Just look at all the (bad) answers to this StackOverflow question: https://stackoverflow.com/questions/10715965/add-one-row-to-pandas-dataframe

jreback commented 4 years ago

we should also deprecate expansion indexing as well (which is an implicit append)

AlexKirko commented 4 years ago

+1 from me There is really no reason to have this when we have concat available. Especially, because IIRC append works by calling concat and I don't think append abstracts away enough to keep it.

achapkowski commented 4 years ago

How do you expand a dataframe by a single row without having to create a whole dataframe then?

TomAugspurger commented 4 years ago

I'd recommend thinking about why you need to expand by a single row. Can those updates be batched before adding to the DataFrame?

If you know the label you want to set it at, then you can use .loc[key] = ... to expand the index without having to create an intermediate. Otherwise you'll need to create a DataFrame and use concat.

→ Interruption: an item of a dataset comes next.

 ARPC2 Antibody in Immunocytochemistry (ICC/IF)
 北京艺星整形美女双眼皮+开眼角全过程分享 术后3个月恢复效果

darindillon commented 4 years ago

Disagree. Appending a single row is useful functionality and very common. Yes, we understand its inefficient; but as TomAugspurger himself said, this is the 10th most commonly referenced page on the help, so clearly lots of people have this use case of adding a single row to the end. We can tell ourselves we're removing the method to "encourage good design" but people still want this functionality, so they'll just use the workaround of creating a new DataFrame with a single row and concat'ing, but that just requires the user to write even more code to still get the exact same performance hit, so how have we made anyone's life better?

taylor-schneider commented 4 years ago

Not being able to add rows to a data structure makes no sense. It's one thing to not add the inplace argument but to deprecate the feature is nutts.

achapkowski commented 4 years ago

@TomAugspurger using df.loc[] requires me to know the length of the dataframe. and create code like this:

df.iloc[len(df) + 1] = <new row>

This feel like overly complex syntax for an API that makes data operations simple. Internally df.append or series.append could just do what is shown above, but don't dirty up the user interface.

Why not take a page from lists, the append method is quick because it has pre-allocates slots in advanced. Modify the internals post DataFrame/Series creation to have 1000 empty hidden rows slotted and ready to have new information. If/When the slots are filled, then the DF/Series would expand it outside the view of the user.

TomAugspurger commented 4 years ago

loc requires you to know the label you want to insert it at, not the length.

Why not take a page from lists, the append method is quick because it has pre-allocates slots in advanced.

You could perhaps suggest that to NumPy. I don't think it would work in practice given the NumPy data model.

achapkowski commented 4 years ago

Is Numpy deprecating the append method? If not, why deprecate it here?

Numpy doc: https://numpy.org/doc/stable/reference/generated/numpy.append.html

MarcoGorelli commented 3 years ago

Shall we make this happen and get a deprecation warning in for 1.4 so these can be removed in 2.0? If there's no objections, I'll make a PR later (or anyone following along can, that's probably the fastest way to move the conversation forward)

achapkowski commented 3 years ago

@MarcoGorelli my question still stands, why is this being done?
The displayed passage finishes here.